In computer science, there exist a large number of optimization problems defined on graphs, that is to find a best node state configuration or a network structure such that the designed objective function is optimized under some constraints. However, these problems are notorious for their hardness to solve because most of them are NP-hard or NP-complete. Although traditional general methods such as simulated annealing (SA), genetic algorithms (GA) and so forth have been devised to these hard problems, their accuracy and time consumption are not satisfying in practice. In this work, we proposed a simple, fast, and general algorithm framework based on advanced automatic differentiation technique empowered by deep learning frameworks. By introducing Gumbel-softmax technique, we can optimize the objective function directly by gradient descent algorithm regardless of the discrete nature of variables. We also introduce evolution strategy to parallel version of our algorithm. We test our algorithm on three representative optimization problems on graph including modularity optimization from network science, Sherrington-Kirkpatrick (SK) model from statistical physics, maximum independent set (MIS) and minimum vertex cover (MVC) problem from combinatorial optimization on graph.
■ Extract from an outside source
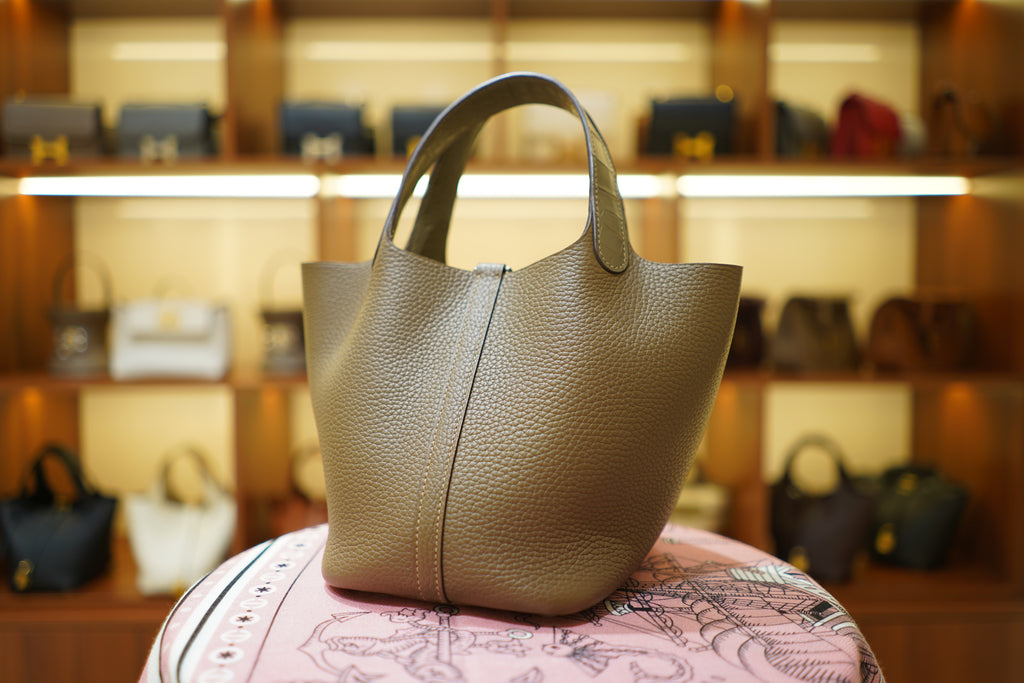 Hermes | Picotin Lock – Medium – Togo – Olive Green – Silver Hardware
High-quality solutions can be obtained with much less time consuming compared to traditional approaches.

Requirements

  • Python 3.6
  • Pytorch 1.4

Postscript

Our implementation is in PyTorch. The graphs used in the experiments are included as well. Since we haven't worked on integration of our code, the annotations may not be as clear and adequate as you expect. You may also find part of the code are in .py while the others are in Jupyter Notebook. And many of them may not be the exact same version of experiments in our paper since we've tried other attempts afterwards.

Nevertheless, You are welcome to make possible improvements based on these code.